Stuart Ingram is behind House of Elrick Gin, and appeared on Dragons’ Den, ultimately rejecting an £80,000 offer from Peter Jones.
The venture is based around the House of Elrick estate in the lowlands of Aberdeenshire, with the house built at the height of the Scottish Enlightenment period in 1720.
The gin claims to be the only one in Scotland to use water from Loch Ness, and includes Jacobite rose petals from the plant gifted to the estate by Bonnie Prince Charlie.
The firm says the property has hosted “lively discussions from some of the most respected creative, philosophical and scientific minds of the time”.
Ingram has now quit his career in the oil and gas sector – having working for firms including Cairn Energy, BP and Shell – and was previously a quantity surveyor.
House of Elrick’s range of gins is stocked by the likes of Selfridges, Fortnum & Mason, and Duty Free, which is its biggest customer in the UK.
As for the on-trade, it is stocked by the likes of Borough in Edinburgh.
He has just obtained his licence to export to the US, “which will be a big push for this year”. Now, Denmark is its biggest export customer, with Ingram also flagging Sweden and Russia, while China is “bubbling away” this year.
In its first 12 months it sold 12,500 bottles, the second 25,000 – exceeding the targets for both years – and is forecasting up to 45,000 this year.
“Going into next year, given that I’m going into America… that should potentially increase ten-fold,” said Ingram.
He dismisses the idea that the gin market could be peaking, instead expecting a move towards brand loyalty in a crowded market.
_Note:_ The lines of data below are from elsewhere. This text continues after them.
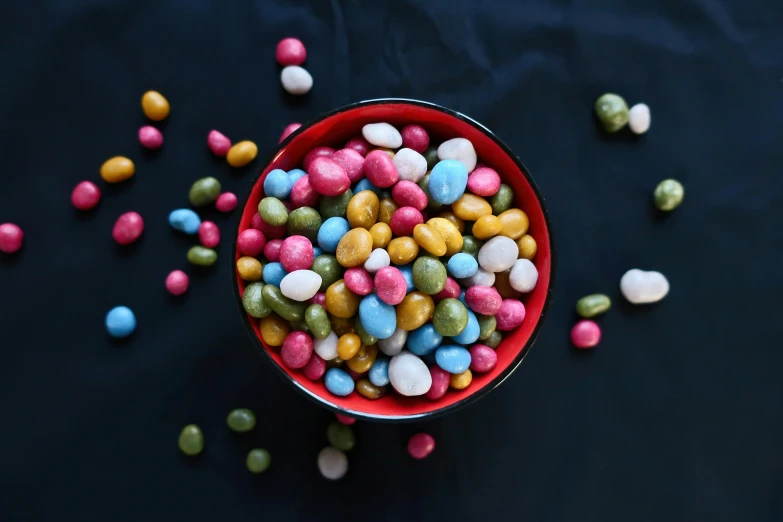 a red bowl filled with lots of colorful candies, by Joe Bowler, pexels contest winner, alien capsules, pearls, on a dark background, pink and blue colour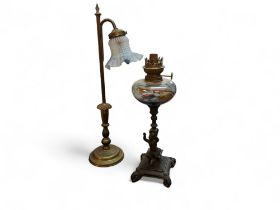 A 19th century style brass side light, frosted glass shade, 60cm high;  a figural oil lamp (2)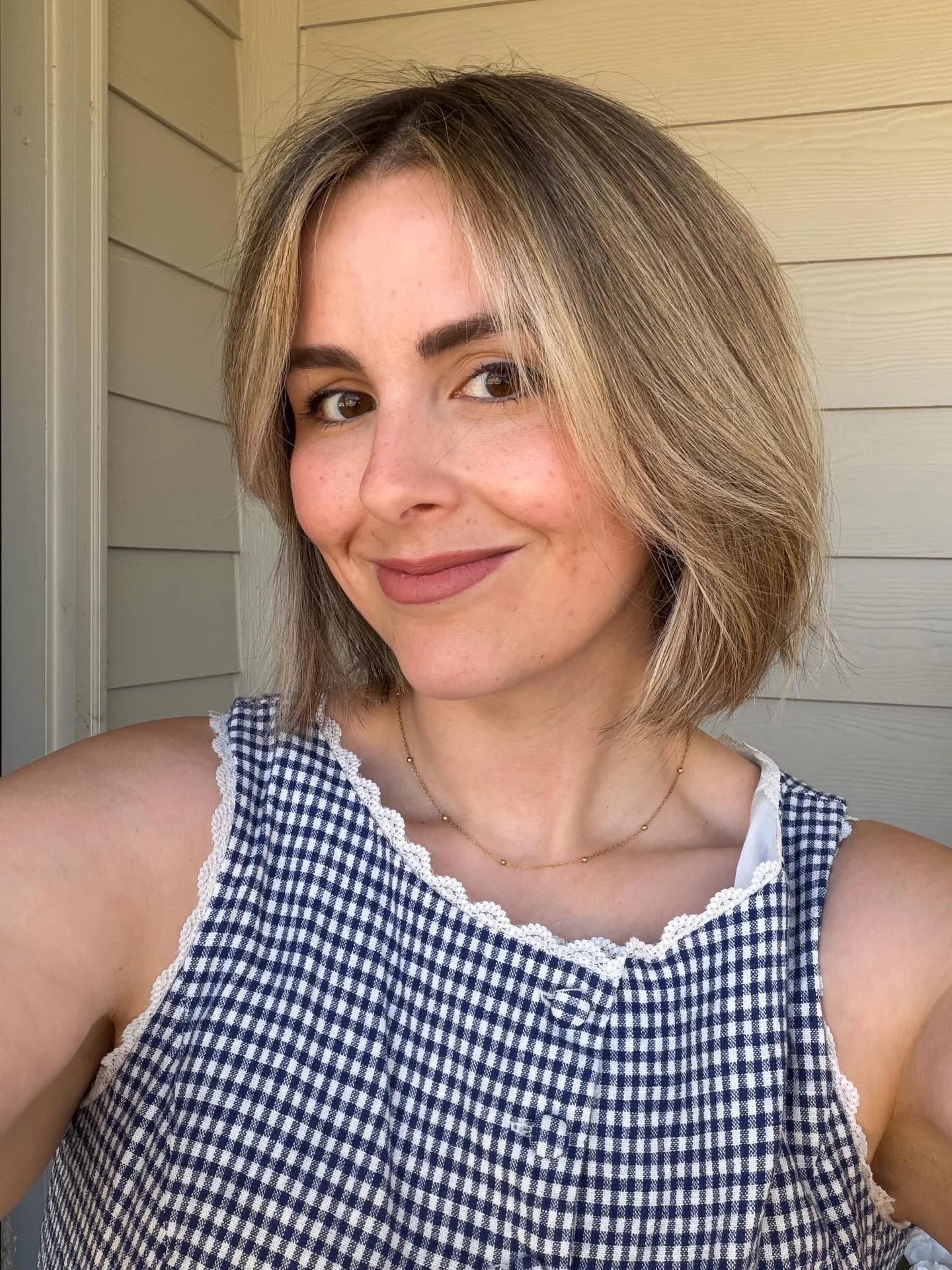 sophisticated summer haircuts for women over 40 2026 Blunt Soft Blonde Bob With Center Part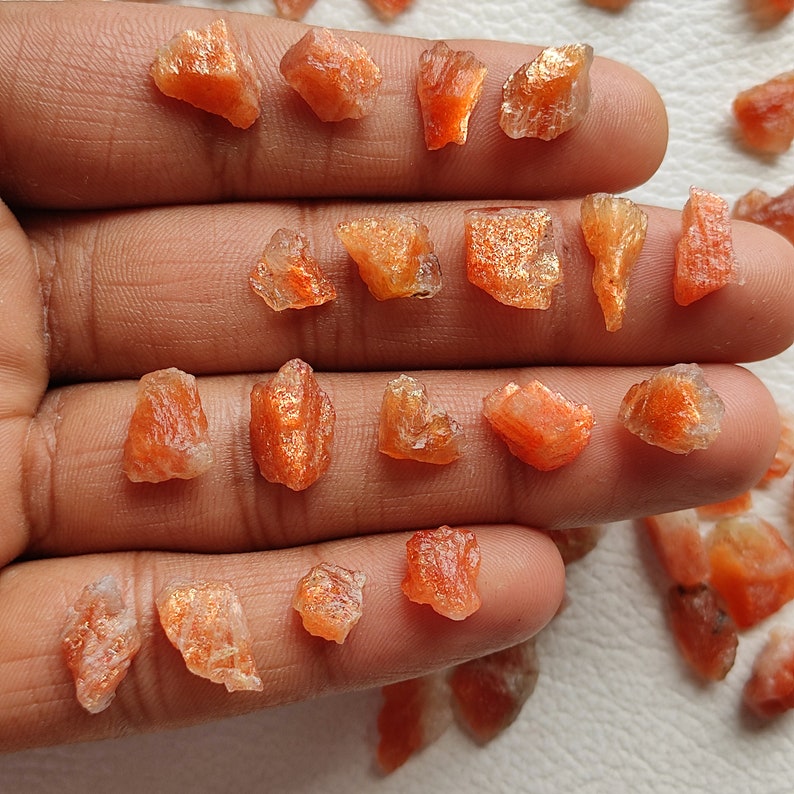 May include: A collection of raw, orange sunstone crystals. The crystals are various sizes and shapes, with a shimmery, iridescent quality.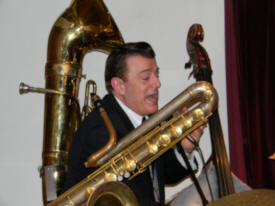 Vince surrounded by his instruments, singing his heart out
The Wine and Spirit Trade Association (WSTA) said last month that in 2018, Brits bought more than 73 million bottles of gin, breaking all previous records.
It also said there are 361 distilleries making spirits in the UK, including 160 in Scotland.
Ingram also expects a move towards flavoured gins this year, a market WSTA said in 2018 saw “whopping” 751 per cent year-on-year growth.
In addition to Elrick’s classic gin there is a Navy Strength version, plus Old Tom (which is sweeter than London Dry) in original and coconut.
The latter is going into Lidl next month, while Ingram is mulling other products with flavours sourced from the estate’s walled garden.
He believes he would need say, two to six staff should growth exceed expectations, and he is converting the house into a wedding venue with 12 bedrooms, each themed with one of the gin’s botanicals, serving as a “unique” destination venue in Aberdeen. A restaurant is also planned further down the line.